Open GoogleCodeExporter opened 8 years ago

GoogleCodeExporter commented 8 years ago
I'm implementing pgp ECC support in one of our products and using this svn 
build of gnupg-ecc as reference.

I'm using the test data provided here:
https://sites.google.com/site/brainhub/pgpecckeys

I've found a couple of problems with the P-521 key and the encrypted packet.

When trying to import the keys, gpg2 complains that there are "no valid user 
IDs" and "this may be caused by a missing self-signature".

It's weird because if I do a --list-packets on the armor for the keys, I do see 
the proper signatures on both the main and sub keys for both the public and 
private keys.

I ended forcing gpg2 to load the keys using the --allow-non-selfsigned-uid 
switch.

When I actually try to decrypt the encrypted packet listed on that page, after 
entering the passphrase for the secret key, gpg2 reports that the public key 
algorithm is invalid. I traced through the code and when acquiring the session 
key (function get_it), the sk->public_ago value is 19 (ECDSA) instead of 18 
(ECDH).

This is again weird, because the --list-packets clearly show 18 for the subkey 
with that key id.

My program processes fine the P-256 encrypted and signed packets, the P-384 
encrypted and signed packets and the P-521 signed packet. But the AESWrap 
checksum on the P-521 encrypted packet fails.

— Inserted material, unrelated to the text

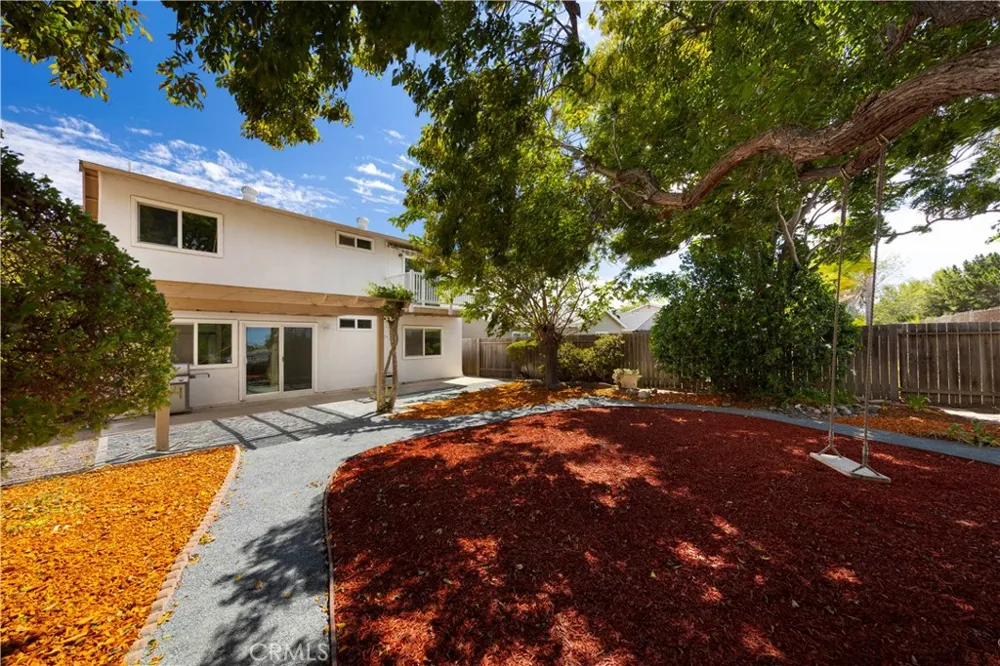 23401 Via Burriana Mission Viejo, CA 92691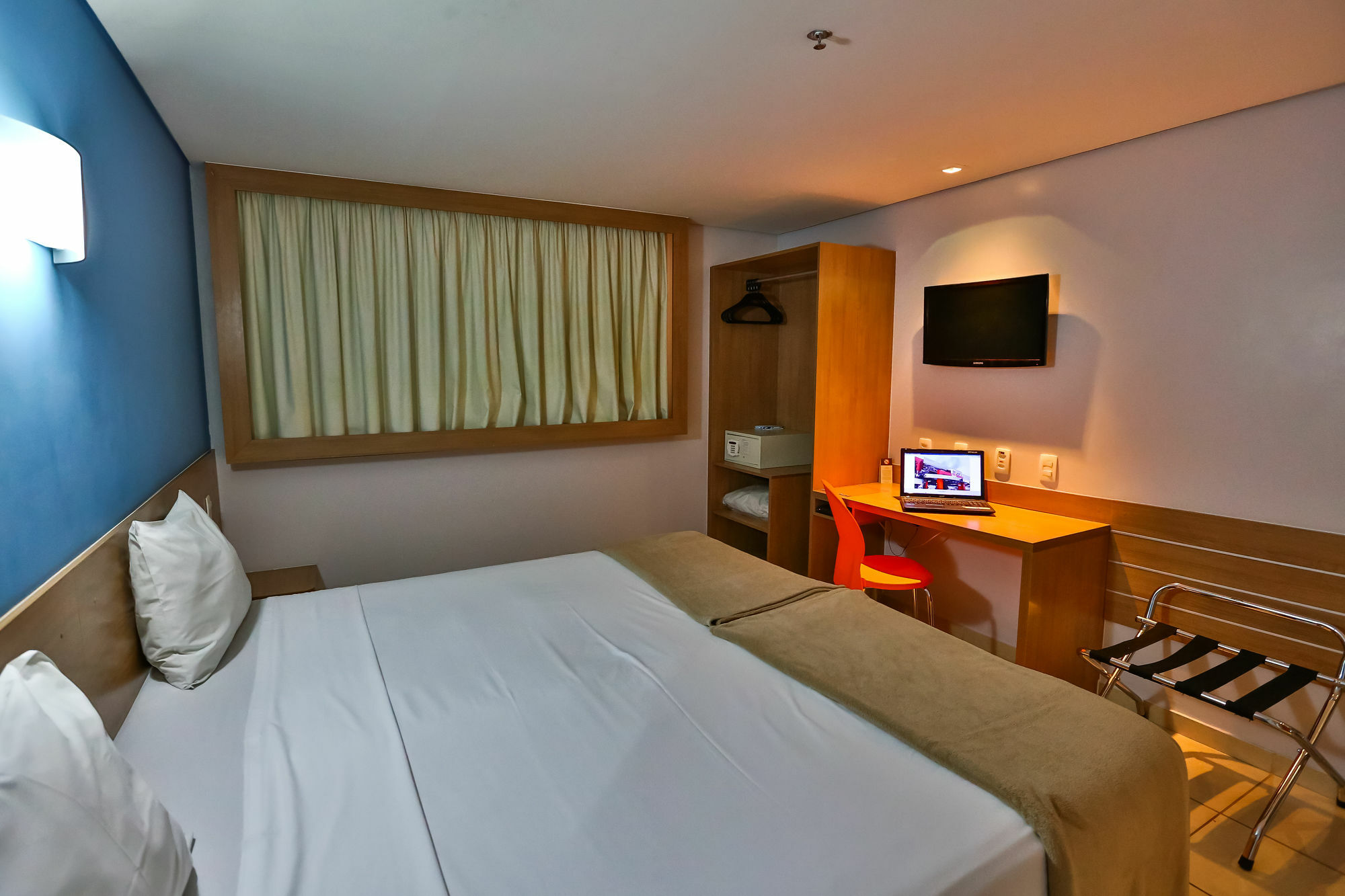 Hotel Go Inn Estacao Гояния Екстериор снимка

What I'm wondering is if the P-521 encrypted packet is corrupt somehow?

Anybody else having problems with that sample packet?

Any advice would be appreciated.

Original issue reported on code.google.com by erne...@on-core.com on 23 Mar 2012 at 8:18

GoogleCodeExporter commented 8 years ago
[deleted comment]
GoogleCodeExporter commented 8 years ago
I finally determined the issue to be a padding issue with the domain parameters 
of the curve in my program.

The sample P521 on the page now decrypts properly. Sorry about the confusion.